At the end of his Oscars acceptance speech, best supporting actor winner Sam Rockwell dedicated the award to his late "old buddy" Philip Seymour Hoffman.

The "Three Billboards Outside Ebbing, Missouri" star got emotional when asked about his speech backstage.

Rockwell explained that Hoffman was "an old friend" who once directed him in a play at the Public Theater in New York City.

"He was a great inspiration and a great theater director," Rockwell said, adding that they were "very close."

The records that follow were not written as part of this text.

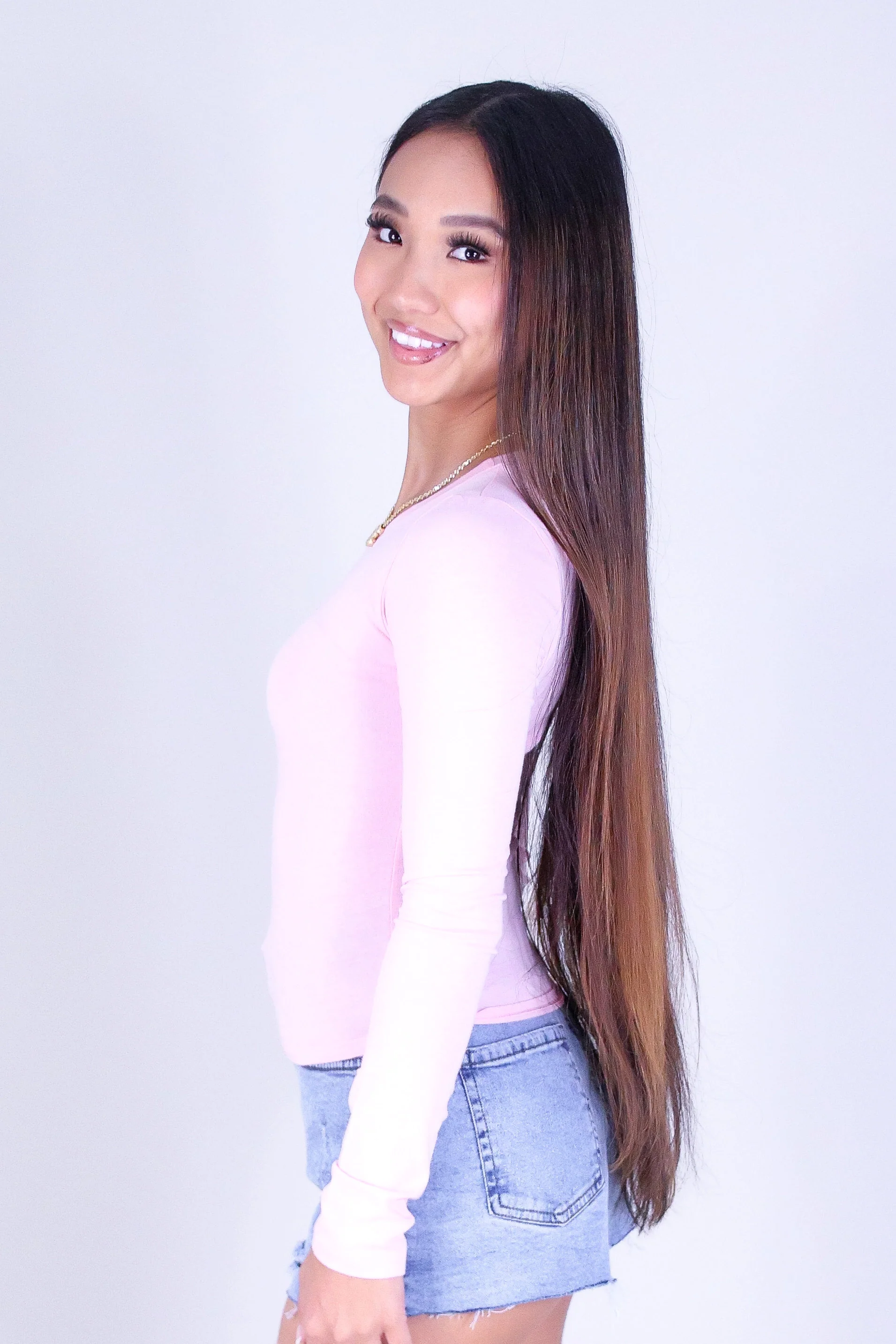 DAILY MUSE LONG SLEEVE TOP - Image 3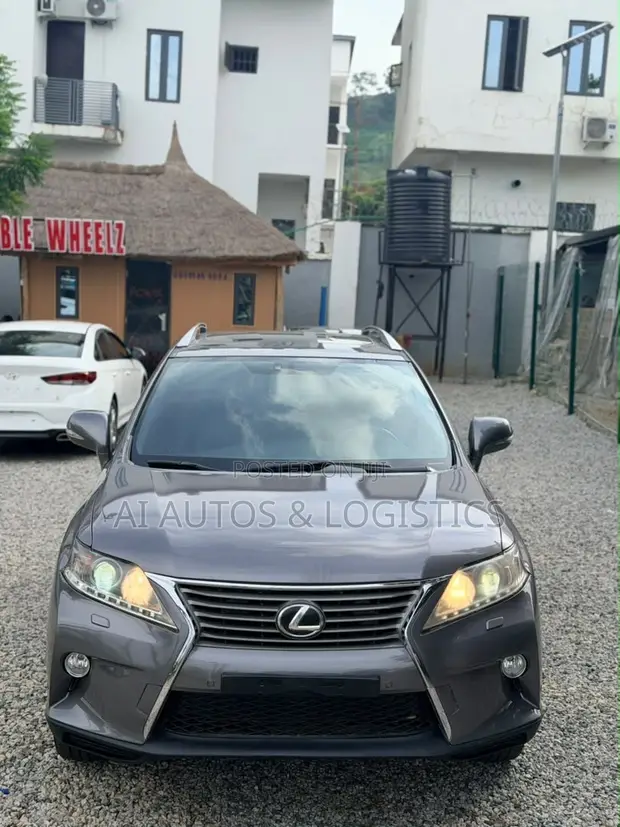 Lexus RX 350 F Sport AWD 2014 Grey - 1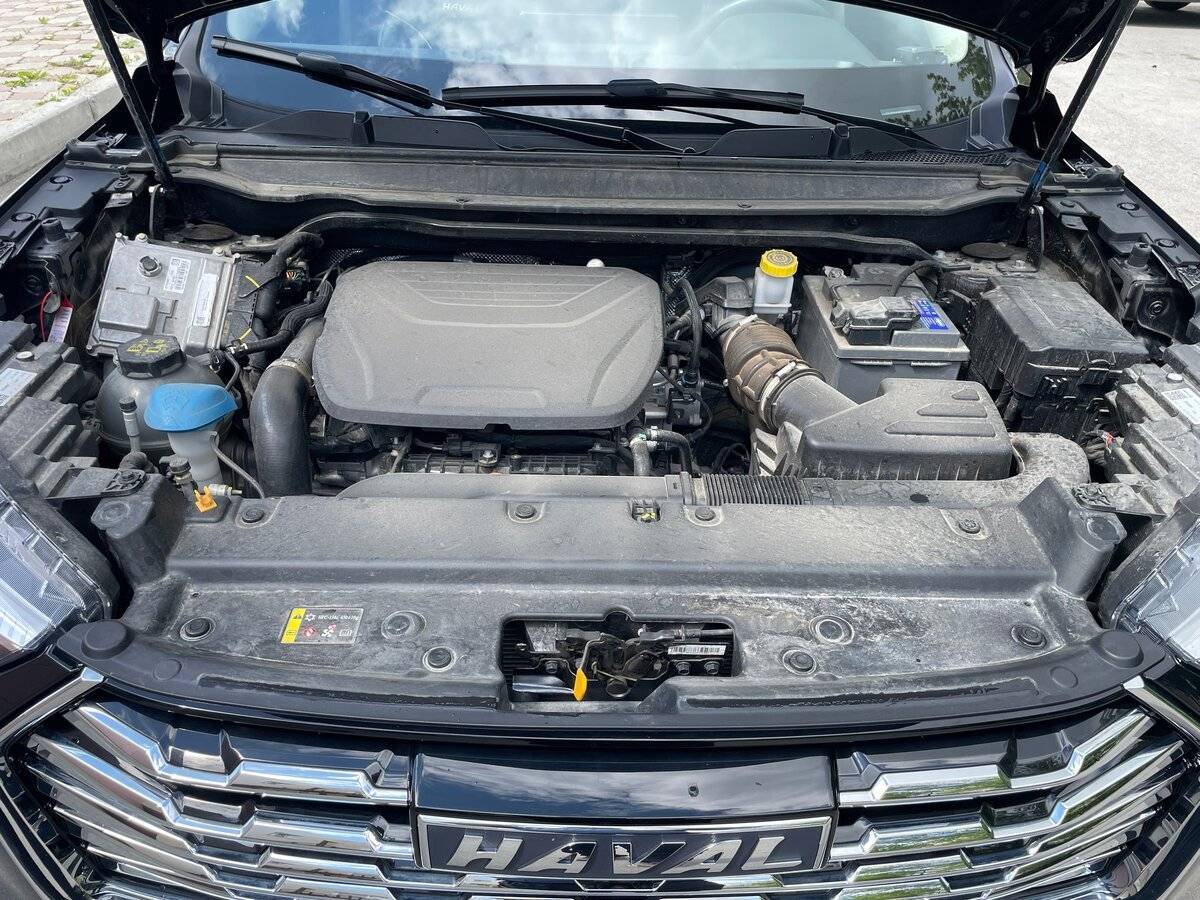 Haval Jolion 2023 года с пробегом. Фото: #10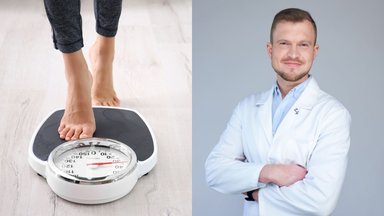 Dietologas: kaip išvengti klaidų mažinant svorį?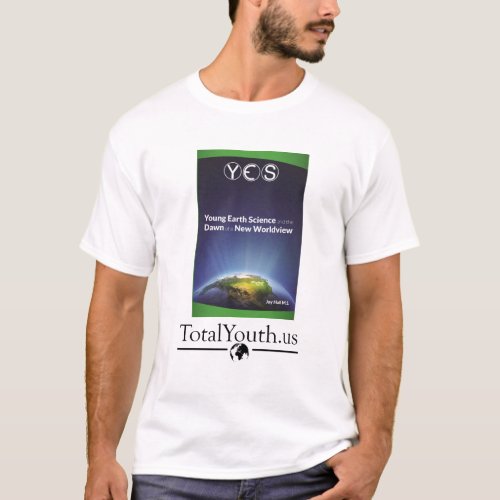 YES Book _ Front Cover T_Shirt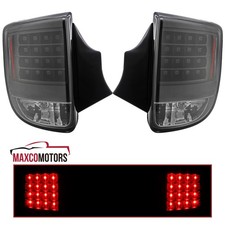Black Tail Lights Fits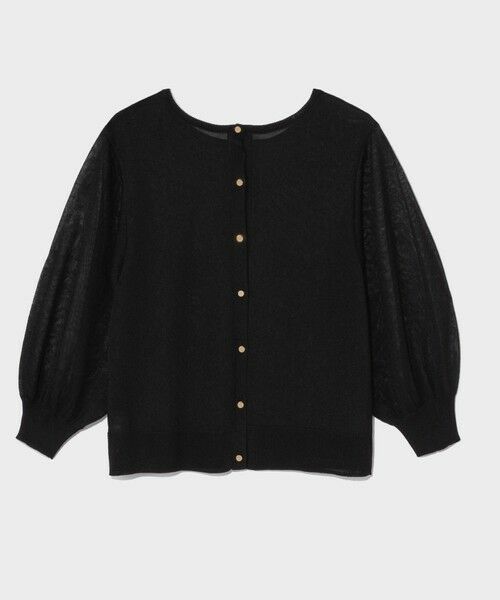 GRACE CONTINENTAL / グレースコンチネンタル ニット・セーター | ラメシアーニットトップ | 詳細19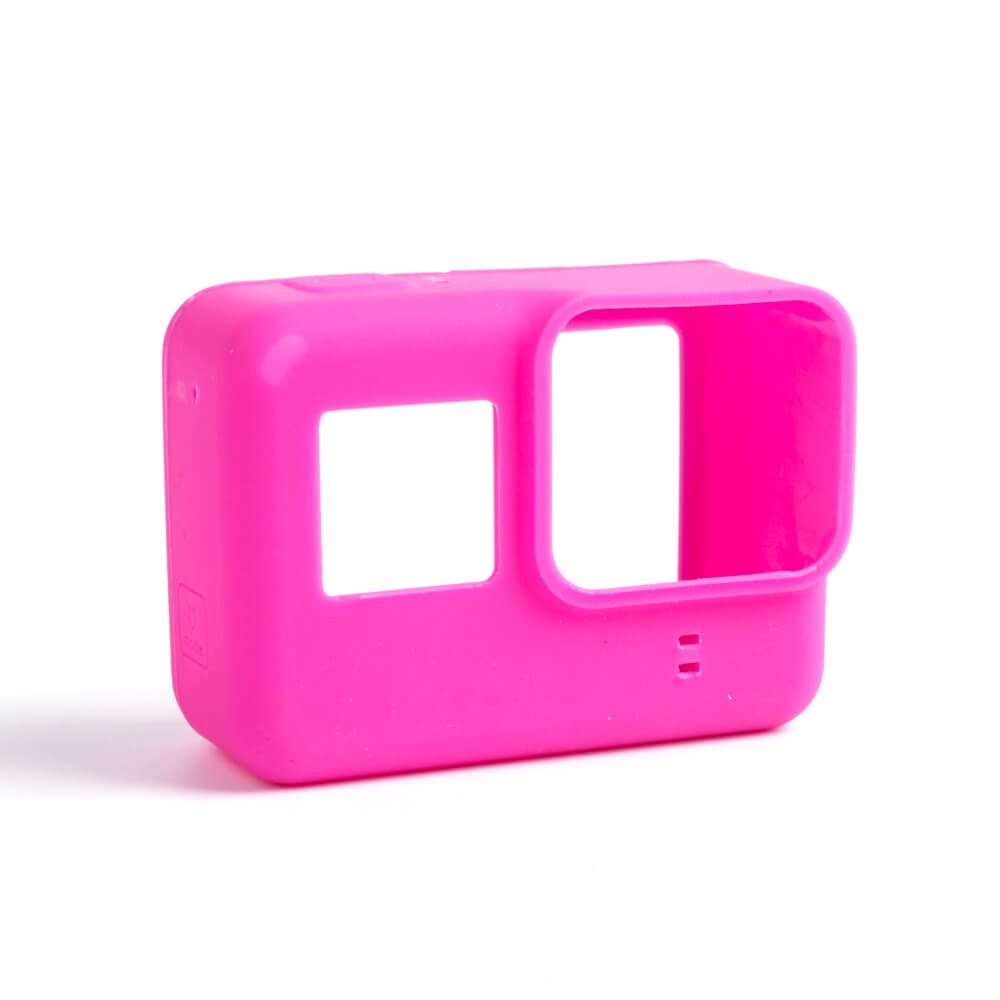 Case Capa Silicone GoPro Hero 5 6 7 Black Uso Sem Frame de Montagem
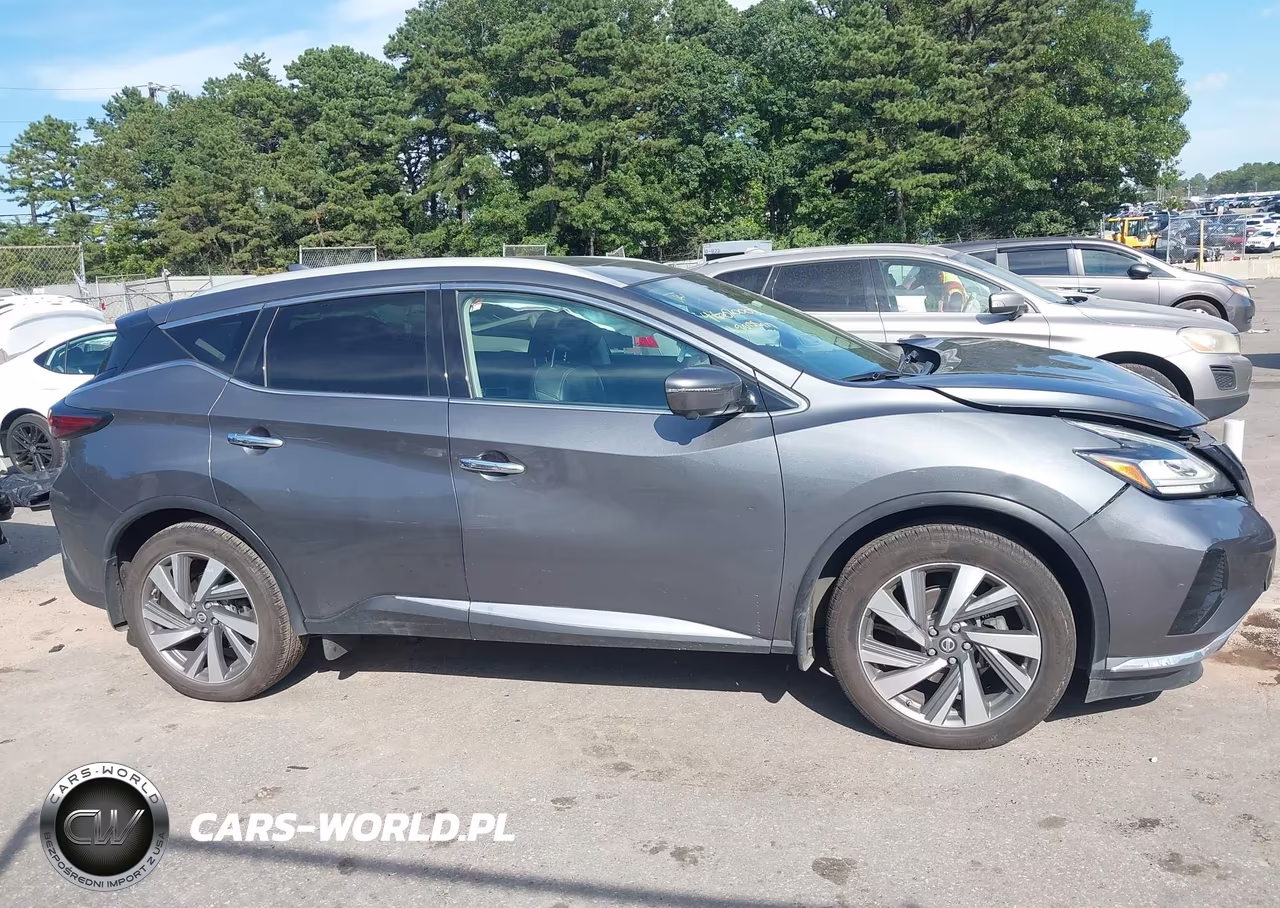 2019 Nissan Murano Sl VIN:5N1AZ2MS5KN129922 - 13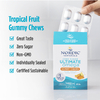 Nordic Naturals, Жевательные жевательные таблетки Ultimate Omega®, тропические фрукты, 1200 мг, 54 жевательные жевательные таблетки (600 мг в каждой жевательной таблетке)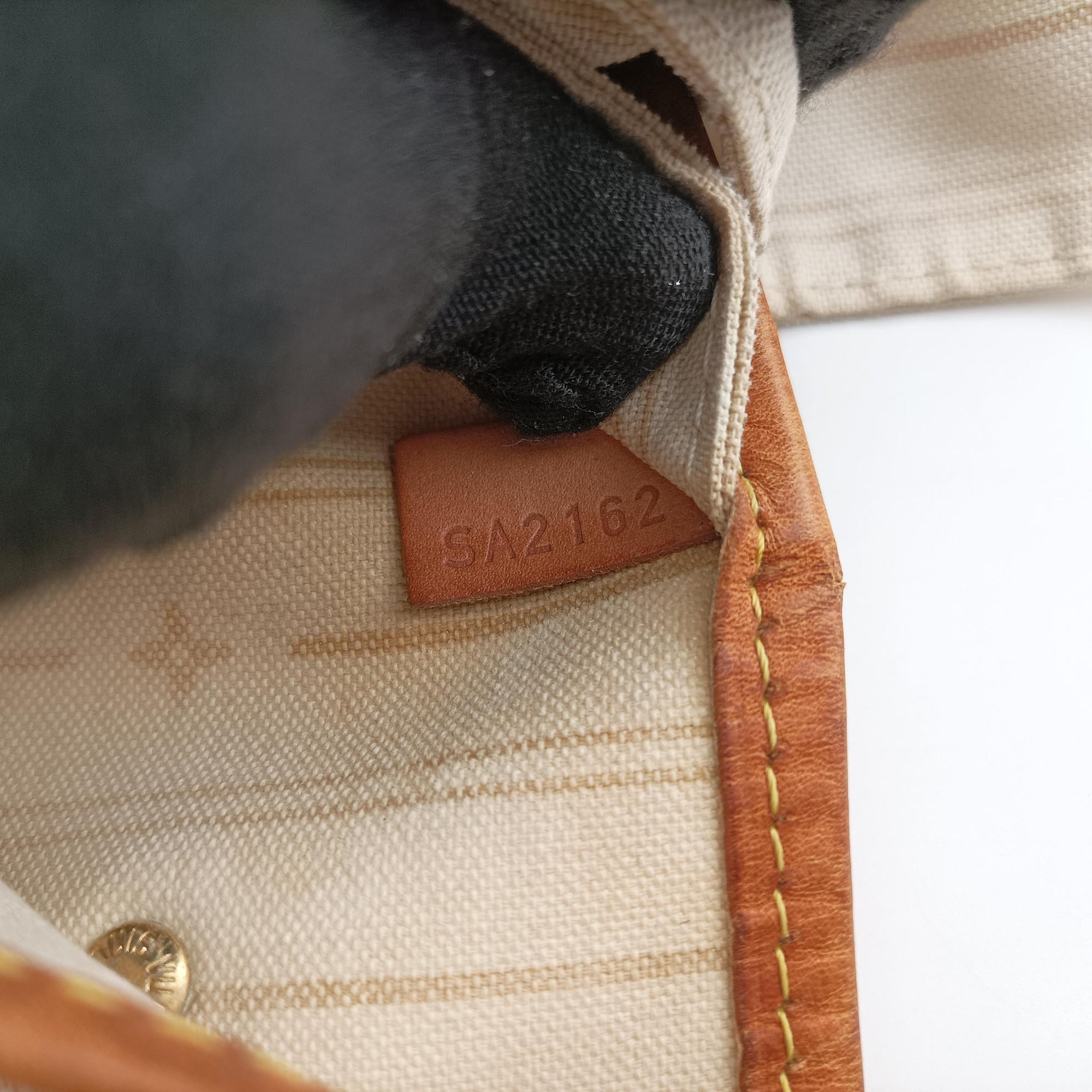 Neverfull MM Azur Damier Canvas N51107 SA2162ネヴァーフルMM アズール ダミエキャンバス N51107 SA2162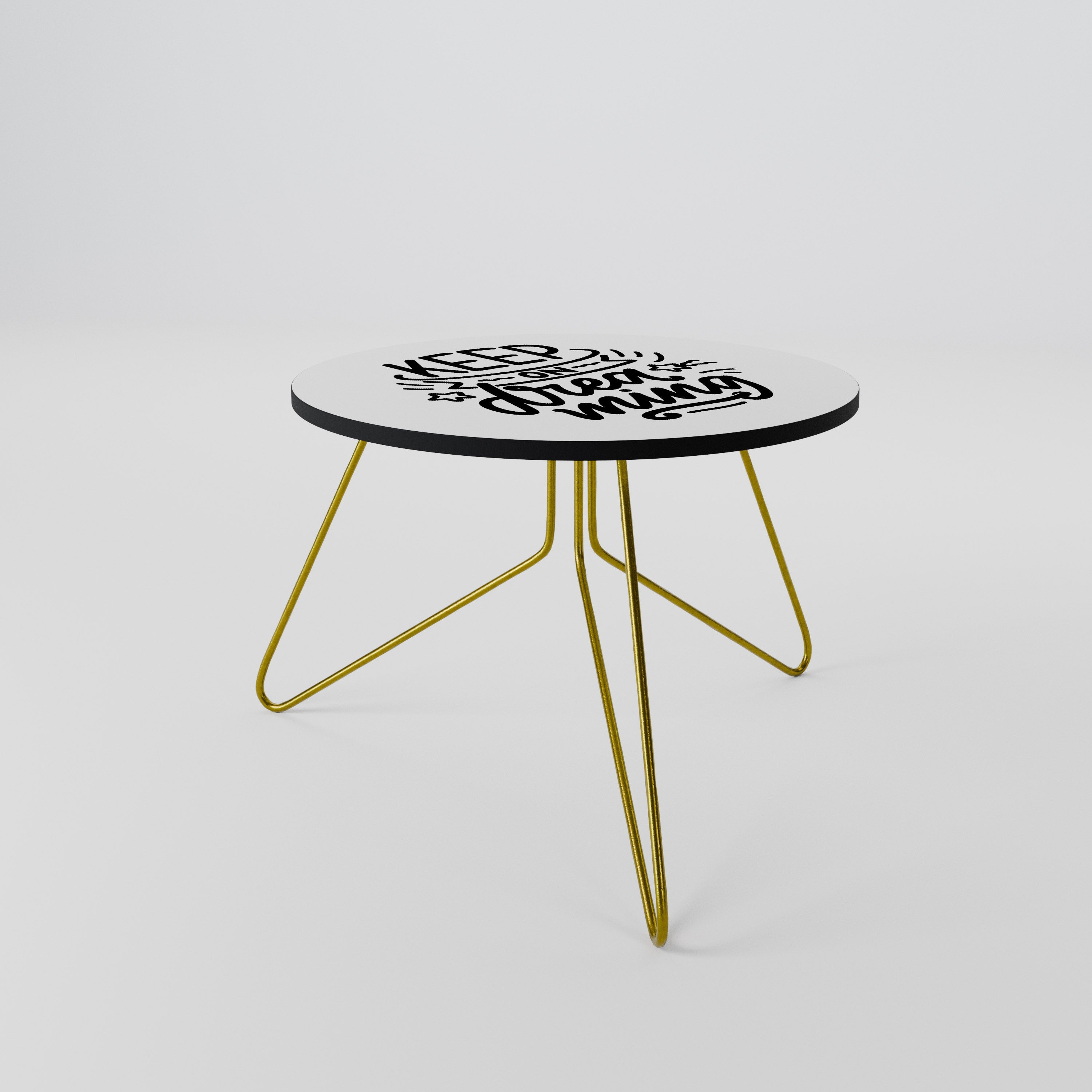 KEEP ON DREAMING Mesa de Centro 60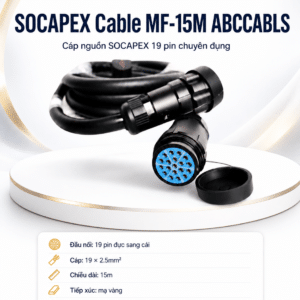 socapex cable mf 15m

"He inspired me and I could go on for an hour about Phil Hoffman," he continued. "Philip Seymour Hoffman was a good friend and he was a huge, huge inspiration on me."

PHOTO: Philip Seymour Hoffman and Sam Rockwell are seen on Dec. 6, 2010, in New York City.
Ryan McCune/Patrick McMullan via Getty Images
Philip Seymour Hoffman and Sam Rockwell are seen on Dec. 6, 2010, in New York City.

Hoffman, who won a best actor Oscar in 2006 for his role in "Capote," died of acute mixed drug intoxication in 2014 at the age of 46.

Rockwell, 49, had been a favorite to win the best supporting actor award, having also taken home a Screen Actors Guild and a Golden Globe, among other honors.

"Three Billboards Outside Ebbing, Missouri" was nominated for seven awards, including best picture.